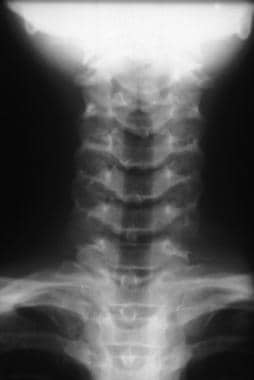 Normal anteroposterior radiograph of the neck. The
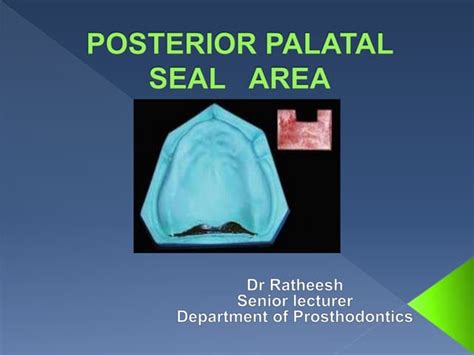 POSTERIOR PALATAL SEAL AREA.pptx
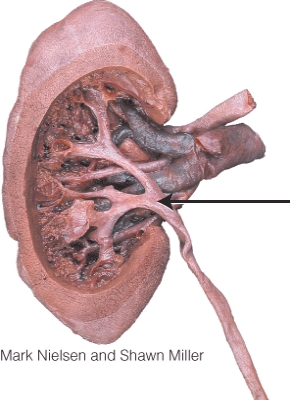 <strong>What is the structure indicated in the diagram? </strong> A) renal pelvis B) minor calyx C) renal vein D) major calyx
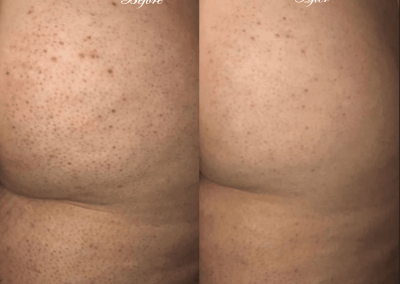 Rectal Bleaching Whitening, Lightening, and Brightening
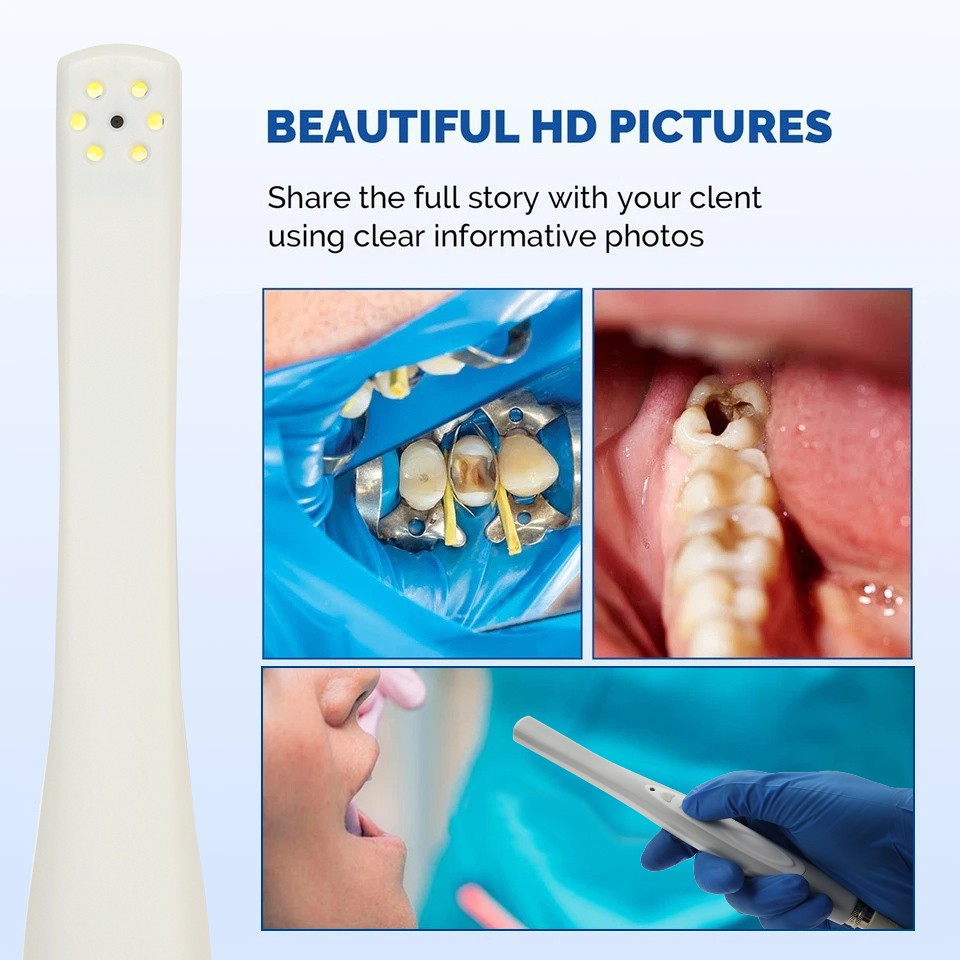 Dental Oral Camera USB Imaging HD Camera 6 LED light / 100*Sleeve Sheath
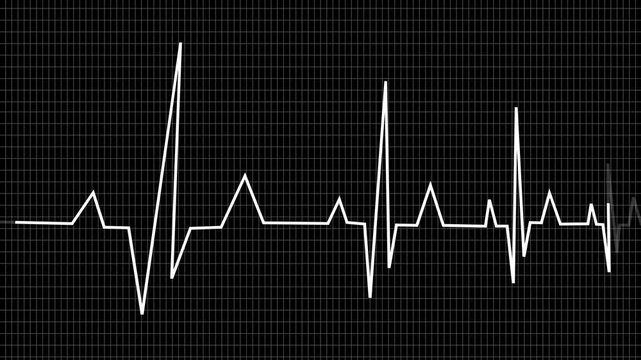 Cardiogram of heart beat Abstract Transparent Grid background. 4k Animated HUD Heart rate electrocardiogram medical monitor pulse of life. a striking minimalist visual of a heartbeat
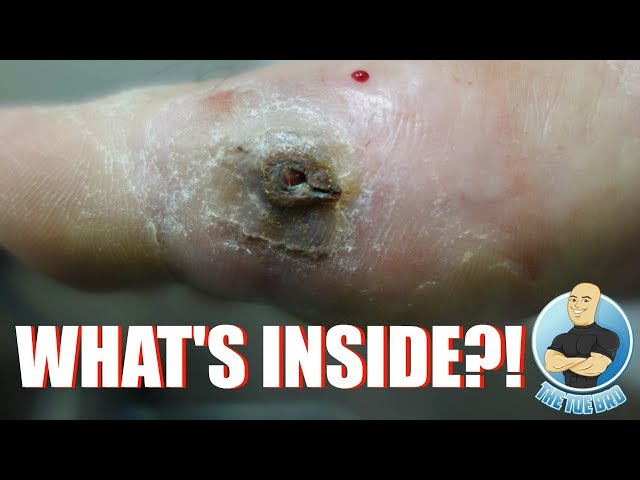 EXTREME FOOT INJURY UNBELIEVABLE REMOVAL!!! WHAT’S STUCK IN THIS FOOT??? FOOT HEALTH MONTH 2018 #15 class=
++++++++
> **Task brief**
From the first line above to the last, copy the records exactly but omit the pictures.

> **Solution**
 Normal anteroposterior radiograph of the neck. The
 POSTERIOR PALATAL SEAL AREA.pptx
 <strong>What is the structure indicated in the diagram? </strong> A) renal pelvis B) minor calyx C) renal vein D) major calyx
 Rectal Bleaching Whitening, Lightening, and Brightening
 Dental Oral Camera USB Imaging HD Camera 6 LED light / 100*Sleeve Sheath
 Cardiogram of heart beat Abstract Transparent Grid background. 4k Animated HUD Heart rate electrocardiogram medical monitor pulse of life. a striking minimalist visual of a heartbeat
 EXTREME FOOT INJURY UNBELIEVABLE REMOVAL!!! WHAT’S STUCK IN THIS FOOT??? FOOT HEALTH MONTH 2018 #15 class=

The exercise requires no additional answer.